Graphic created by Andre Ye.


Within one hour, your groceries are at your front door. The UX is incredibly simple and easy to navigate. The shopper’s experience is a little bit more complicated.

  1. In the Instacart app, the shopper is on their shift, and are given a chance to acknowledge an order when it comes in the system.

  2. They drive to the store of that order and are presented with a list of the items you would like to purchase.

  3. As they find items, they pick them up, and scan the barcode to make sure it is the exact version of the product that you want.

  4. They would check out and drive to your address to deliver your groceries.

Graphic created by Andre Ye.


There’s two obvious sides to this marketplace — the shopper and the client. However, Instacart is actually a four-sided marketplace (can you name the other two?).

Two sided marketplace? Graphic created by Andre Ye.


Instacart also operates with product advertisers and stores. Each of the four parties interacts with the other three in certain ways. Each one of the arrows is an opportunity for data science to strengthen it.

Insights: Jeremy Stan


Instacart makes money from delivery fees — for example, paying a few dollars to get a delivery, or purchasing an express membership ($150 for a year, unlimited deliveries). Tips and service fees go to shoppers, which helps pay for labor costs, but it’s not enough. Instacart also makes money through partnerships, with companies like Procter and Gamble and with advertisers — about 30% of all the purchases on Instacart go to advertised products. This is a rich vein for data science.

The company also gets a sizeable portion of revenue from stores — if Instacart can boost traffic to a certain store by a significant amount, the store may be willing to pay something for it.

However, Instacart has lots of costs, like transaction, credit card processing, and insurance.
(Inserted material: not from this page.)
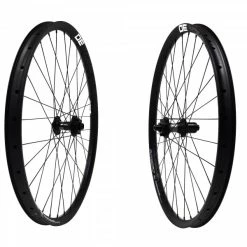 Dt-swiss DT Swiss 370 LN Ratchet Boost Disc IS Track Mack 30 Comp Laufradsatz 27,5 650b 1970g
The largest costs are the time it take shoppers to shop for the groceries and to drive, though — so Instacart’s main goal is to make the system run more efficiently and faster so it can be more profitable.

  • Instacart says that they are ~40% more efficient than before they began to focus on optimizing the backend efficiency.
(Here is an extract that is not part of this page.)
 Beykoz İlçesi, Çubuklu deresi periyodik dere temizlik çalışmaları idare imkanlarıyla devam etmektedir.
  • Express customers spend about $500 a month on average — people that use the service use it frequently.

  • 90% of customers are repeat customers.

Instacart’s unique business model gives data science a spotlight to help boost profits and make all of the four parties in its four-sided marketplace happier — let’s get into some data science problems and challenges Instacart faces.
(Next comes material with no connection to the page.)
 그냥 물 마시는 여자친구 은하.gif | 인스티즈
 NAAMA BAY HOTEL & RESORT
Variance screws with predictions.

Instacart operates on the roads — so when there’s a road blockage in a major city like San Francisco or New York, shoppers are held up. When the groceries arrive late, customers are more unhappy.

Graphic by Andre Ye.


The weather has extremely high variance — when it’s cold, customers don’t want to go outside to get their groceries, so they might use Instacart more (higher demand). However, as a shopper, you wouldn’t want to go outside when it is cold, so less shoppers may clock in for their shifts (lower demand). The opposite is true for a nicer day — more people may want to go shopping themselves (lower demand, higher supply).

Instacart — and 50% of the nation’s groceries — are pushed around by the weather, and there’s nothing they can do about it.

It’s not just the weather — special events and visits from celebrities or royal figures can clog up roads and slow down Instacart’s efficiency. These can’t just be dismissed as outliers, because they have and will happen again in the future — they need to be accounted for. However, this means huge variance in the data, which makes data predictions difficult.

Variable queue lengths in the checkout line and parking spots available at a delivery location are two more variables that vary widely on a combination of severable factors, such as day, temperature, a given store’s inventory, etc.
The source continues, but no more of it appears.